A veces la poesía no alcanza, no llega. En esos casos, uno intenta tirar de los grandes, en especial de los grandes difíciles,

que pueden servir durante algún tiempo, pero si la realidad sube otro escalón o se sube al siguiente rellano, los grandes difíciles

tampoco alcanzan ya a decir, no consiguen nombrar el estado de la cuestión —con esa mezcla de lucidez, penumbra y belleza—.

Digamos que la realidad —que es el territorio del ser, pero que nadie se asuste— ha dado otra vuelta de tuerca y los grandes

ya no llegan.

Para no dejar un sembrado de dudas: los grandes son los grandes: los que nadie discute. Personalmente busqué sobre todo

en Pessoa, en Vallejo, en Rimbaud, en Aleixandre; también —pero menos— en Eliot, en Pound, en Baudelaire; incluso en

Wallace Stevens. Marosa di Giorgio, que es como irse a un sueño, me permitió sosegarme unos cuantos días especialmente

duros.
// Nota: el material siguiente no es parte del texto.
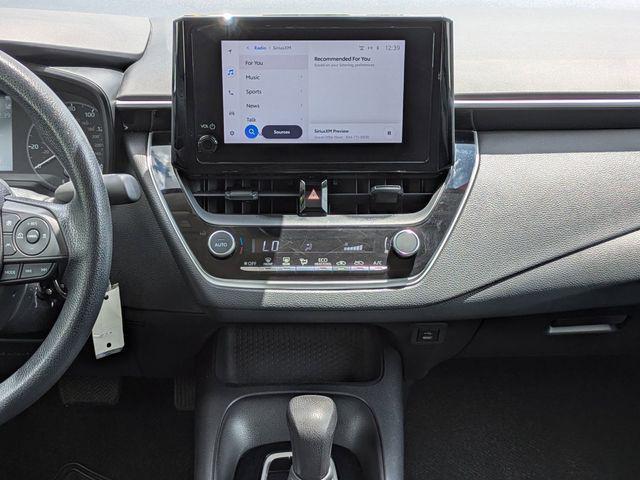 used 2023 Toyota Corolla car, priced at $18,300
En cambio, Dylan Thomas o Emily Dickinson casi nunca me sacan del apuro: son sensibilidades extremas: su poesía es

penetrante y corta como un filo pero —para ciertas necesidades— es muy escueta: instantánea como un rayo, entra hasta el fondo

y sale, pero exige unos reflejos muy rápidos que no tengo. 

Neruda o Lorca son enormes pero sólo tienen dos o tres dimensiones —lo que no utilizo como crítica: ellos son así, ya está—.
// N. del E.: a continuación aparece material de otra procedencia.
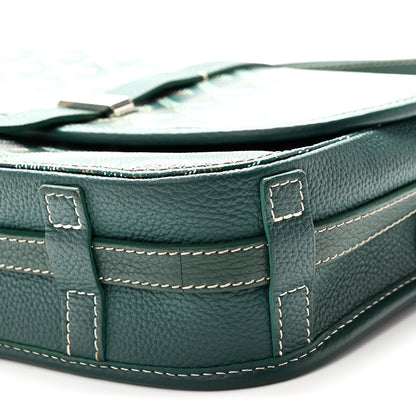 Goyard Goyardine Belvedere II PM Messenger Bag Green 9 of 9
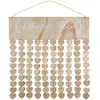 RueDeLaFete Plan de table Mariage naturel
Hay algunos poetas que son, para mí, de primera línea, pero sólo me dan respuestas concretas, limitadas —creo que no me

explico— ahí están Bukowski y Giannuzzi: cuando la poesía no alcanza, no los busco a ellos.

Hay algunos quizá indiscutibles, como Whitman, que no me lo parecen.

Esta vez me sirvió mucho Luisa Castro, que —de momento— no es grande, ni difícil en el buen sentido: sólo, si acaso,

deliberadamente oscura, pero esa forma de dificultad no cuenta. Supongo que me sirvió porque apenas la conocía y su manera

todavía adolescente de decir y nombrar las cosas me parece atractiva.

Finalmente desistí: renuncié a buscar en los poetas esa certeza que tantas veces me han proporcionado: alguno o varios de

ellos —en general, más de uno, de distinta manera— no sólo alcanzaban lo alto de la realidad, sino que me sobrepasaban:

no los agotaba: ellos llegaban mucho más lejos que yo.

Con Pessoa, Vallejo y Luisa Castro no me quedé, esta vez, completamente solo, pero se trataba sólo de un alivio insuficiente,

pasajero.

 

Por fortuna () apareció Francis Bacon: al parecer había tenido un durísimo enfrentamiento con la realidad —no me refiero a su

realidad personal o social, en varios aspectos, sino a las dificultades para alcanzar la realidad, para llegar a ella pintando—.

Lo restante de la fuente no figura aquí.